* [Task details]
The line containing "A modern room" and all lines following it in the listing below are to be reproduced exactly, with no other lines.
========================
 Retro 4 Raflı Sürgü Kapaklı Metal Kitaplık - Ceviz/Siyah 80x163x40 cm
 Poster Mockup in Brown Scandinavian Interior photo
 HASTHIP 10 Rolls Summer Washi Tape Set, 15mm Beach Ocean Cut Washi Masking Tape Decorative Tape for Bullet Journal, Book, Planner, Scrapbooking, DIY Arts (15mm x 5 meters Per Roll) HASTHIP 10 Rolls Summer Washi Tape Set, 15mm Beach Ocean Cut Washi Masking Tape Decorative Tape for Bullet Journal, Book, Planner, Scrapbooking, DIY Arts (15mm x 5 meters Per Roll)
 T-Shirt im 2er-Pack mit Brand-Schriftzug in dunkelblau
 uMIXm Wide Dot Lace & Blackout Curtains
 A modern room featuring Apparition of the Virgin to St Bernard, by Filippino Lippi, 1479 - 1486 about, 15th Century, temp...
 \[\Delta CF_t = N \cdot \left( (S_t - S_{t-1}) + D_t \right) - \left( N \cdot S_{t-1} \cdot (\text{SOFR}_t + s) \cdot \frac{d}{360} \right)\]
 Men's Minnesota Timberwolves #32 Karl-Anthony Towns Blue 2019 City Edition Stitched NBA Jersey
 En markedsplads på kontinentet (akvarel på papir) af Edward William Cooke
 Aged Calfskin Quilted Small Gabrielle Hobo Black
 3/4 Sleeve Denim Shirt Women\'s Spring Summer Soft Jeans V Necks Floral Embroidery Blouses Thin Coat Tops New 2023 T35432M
========================
* [Solution for this exercise]
 A modern room featuring Apparition of the Virgin to St Bernard, by Filippino Lippi, 1479 - 1486 about, 15th Century, temp...
 \[\Delta CF_t = N \cdot \left( (S_t - S_{t-1}) + D_t \right) - \left( N \cdot S_{t-1} \cdot (\text{SOFR}_t + s) \cdot \frac{d}{360} \right)\]
 Men's Minnesota Timberwolves #32 Karl-Anthony Towns Blue 2019 City Edition Stitched NBA Jersey
 En markedsplads på kontinentet (akvarel på papir) af Edward William Cooke
 Aged Calfskin Quilted Small Gabrielle Hobo Black
 3/4 Sleeve Denim Shirt Women\'s Spring Summer Soft Jeans V Necks Floral Embroidery Blouses Thin Coat Tops New 2023 T35432M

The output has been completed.